Handelsblatt and the Dossier Center reported that Marsalek was staying low somewhere in the Moscow region under the supervision of GRU operatives. In addition, the investigators learned that Marsalek had carried out transactions with cryptocurrencies in the interests of his Russian clients (or handlers).

In private conversations, Marsalek boasted to his interlocutors of his access to classified data of the Austrian special service BVT – the investigation in Austria came to the conclusion that his contacts in BVT ultimately helped him escape. But since he fled to Moscow, there is every reason to believe that his fleeing was set up by the Russian intelligence agency network in Austria and Germany.

On December 8, 2022, the Wirecard trial began. Thousands of shareholders and clients lost a total of 20 billion euros – that’s at how much Wirecard was estimated before the abrubt bankruptcy, not counting the missing several billion from the accounts of the company itself. The bankruptcy became one of the most high-profile economic showdowns in Germany’s history over the last 80 years. Former Chancellor of Germany Angela Merkel and her then deputy and head of the Ministry of Finance, now Chancellor Olaf Scholz, were forced to testify as part of the parliamentary investigation of this high-profile case.
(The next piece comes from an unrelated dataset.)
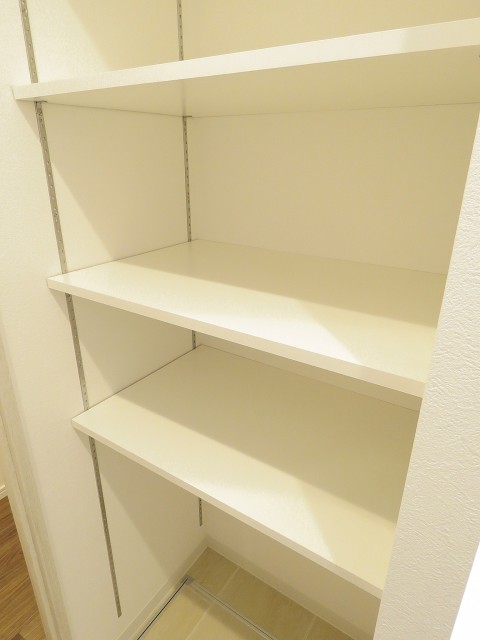 ライオンズマンション桜新町　洗面室収納棚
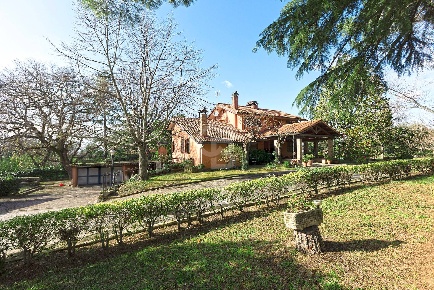 Foto Villa singola in Strada Due Casali, Viterbo di 349 m² con 7 locali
One of the most interesting facts in the case was the discovery that among the members of Wirecard’s board of directors was Russian national Anastasia Lauterbach, who was also previously a member of the board of directors of the Russian First Cargo Company (PGK), a large-scale property complex that managed rolling stock on the Russian railways. This is an important infrastructure business, which is difficult to manage without the participation of security services. At Wirecard, Lauterbach was (coincidentally) responsible for compliance and exposing financial abuse.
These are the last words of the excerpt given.